Aber ist ja auch egal, oder?

Det , Du verstehst aber schon, wie es gemeint ist?
Trotzdem hast Du Recht, der Sand ist das Salz in der "Suppe". Ohne schmeckts nicht.
Es geht nur darum, die "Suppe" nicht zu versalzen.

Gruß Mane
Re: Was sind Eure Golfbälle?
geschrieben von lara
als Antwort auf mane vom 31.08.2014, 17:35:46
Meine Golfbälle änderten sich in den Jahren.

Als ich jung war, waren andere Sachen für mich wichtig.

Als ich geheiratet und eine Familie hatte, waren sie meine Golfbälle, aber ich bekam auch viel Kieselsteine und Sand in meinen Blumentopf geschüttet ohne mein Zutun, und wunderte mich dann wie sie sich einander rieben. Es war oft mühsam die Kieselsteine zu entfernen oder sie in die Richtung zu legen, dass sie die Golfbälle nicht beschädigtet wurden. Dann war ich froh dass da auch der Sand war, und alle in der richtigen Lage lagen.

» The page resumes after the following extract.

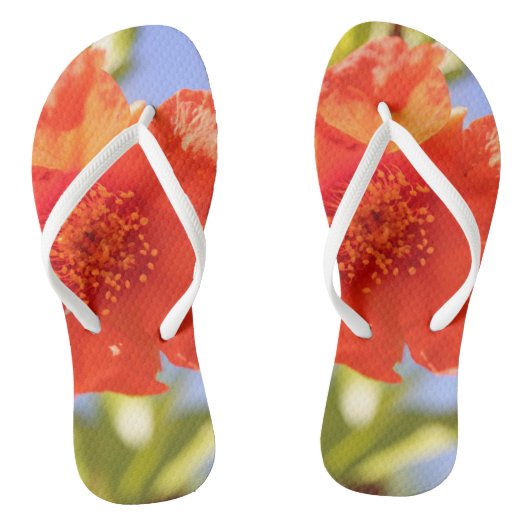 Mooie Rode Bloem Blauwe Lucht Flip Flops (Voetbed)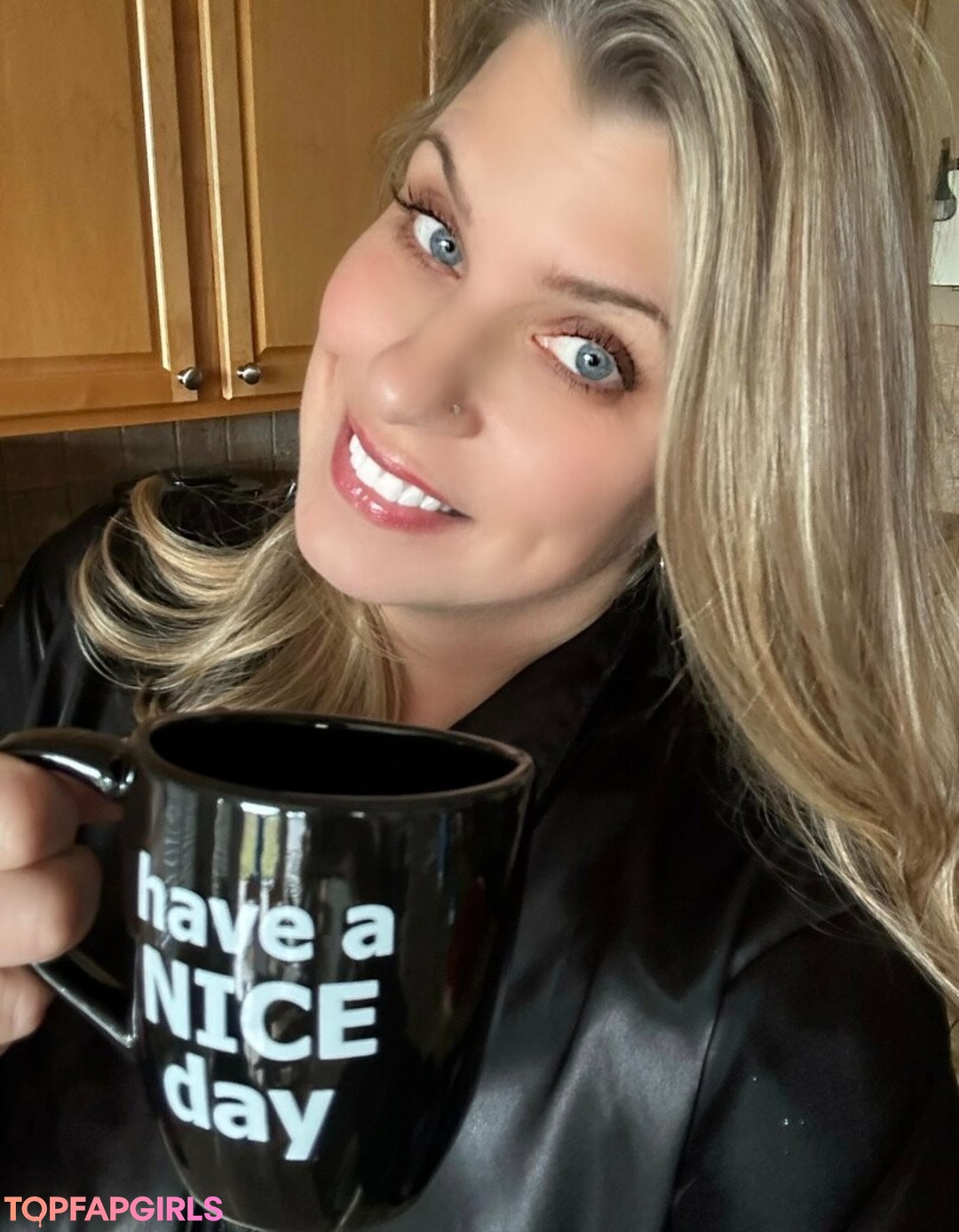 Foto desnuda filtrada de OnlyFans de Onlyneatbunny #74 Foto desnuda filtrada de OnlyFans de Onlyneatbunny #74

Jetzt im letzten Drittel meines Lebens stelle ich für mich fest, dass ich oft meinen eigenen Golfball nicht beachtet habe, und ich hätte ihn genau so sorgsam wie die anderen mit Kieselsteinen und Sand umgeben müssen.

Ich meine damit:
Wenn erst einmal die Kinder ihr Abitur, dann ihr Studium beendet haben, dann das Haus fast abbezahlt ist dann…..ja dann fang ich mit meinen Wünschen an.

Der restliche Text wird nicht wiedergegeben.